Much like Darkest Dungeon, Iratus: Lord of the Dead emphasizes that all your skeleton warriors are disposable. I like this idea, but as it stands the game takes this idea a bit too far. Obviously, as a necromancer, you can simply staple some limbs together and have a new undead soldier in a jiffy, but the gameplay really suffers for it. In some cases this means the end for your save file. With no dedicated healers, you can only keep and heal units that survive(?) the battle. If your best units are unlucky enough to take a crit or two, there’s no course of action to save them. For some reason, the ‘retreat’ button sacrifices all the units in the battle. So it’s effectively just a way to speed up your team being killed(?) without even getting their bones refunded.
And finally, there is no way to go back and do easier missions to level up new combatants. You can only keep moving forward, and if you’re unlucky enough to get stuck at a boss fight without enough well-equipped minions, there’s nothing that can be done. You lose your squad, go back home and 3D print some more skeletons, but without a way to level up, they will die(?) again until you run out of bones. If Iratus: Lord of the Dead fancies itself a roguelike, permadeath and failure are not necessarily bad. But when the first level of the dungeon can take almost an hour before reaching the boss, having to start over from the beginning is a massive chore.
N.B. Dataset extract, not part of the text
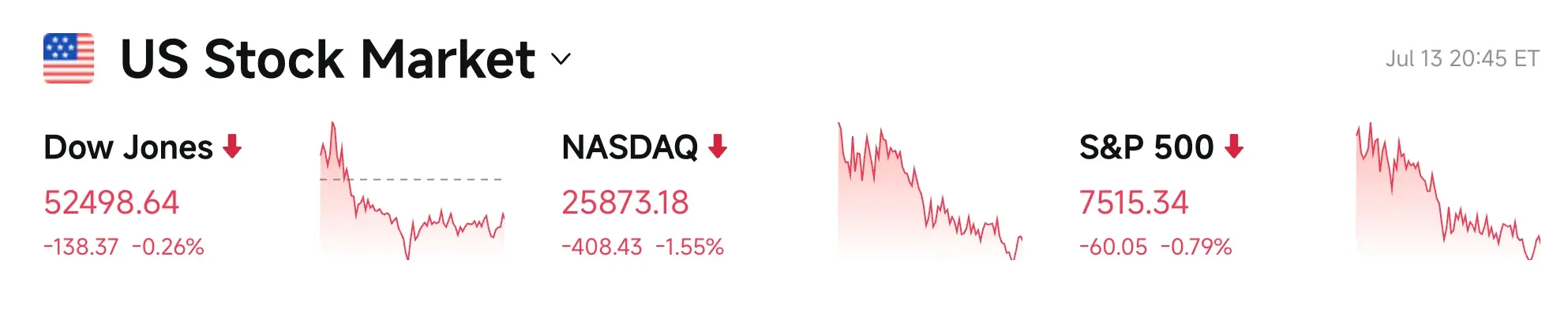 Bitget UEX Daily Report|Middle East conflict escalation raises inflation concerns; AI chip stocks pull back dragging down U.S. stocks; Apple's counter-trend new high highlights defensiveness image 2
Beyond that, my complaints with Iratus: Lord of the Dead are trivial. Some of the animations look a little jerky, some of the loot you find is not that interesting (gorsh, +2% extra luck if I’m in position 4?), and the lore is pretty uninspired. These are hardly worth mentioning, especially considering how great the rest of it is. The art is fantastic, the music fits well, and hearing the voice of the Great Necromancer Lord Iratus, First of his Name, King of the Dead, Immortal Being of the Abyss, cry out that an enemy shit his pants as he died hammers home the comically evil premise. Darkest Dungeon is a game about despair and hopelessness in the face of eldritch entropy. Iratus is a game about Skeletor fighting He-Man and the Masters of the Universe.
Thankfully, Iratus: Lord of the Dead is still a work in progress. When I first started, I was doing so poorly that I was worried that the jig was up and that my secret would finally come out that I am actually three desperate Tunesian POWs who are pretending to be a video game reviewer in order to farm bitcoin under the threat of execution. But each update brings this game closer and closer to the masterpiece deep down within. The developers were making the game better faster than I could review it. Since the game is now out in early access, I am more than confident the developers will have fixed most of the issues I mentioned by the time you read this review. This one has the potential to be fantastic, and if you’re looking for a spin on the Darkest Dungeon formula, you’ve found it.
Itarus: Lord of the Dead is a great take on the familiar Darkest Dungeon formula. With a little more polish, it could be great. Frequent updates are a great sign of things to come.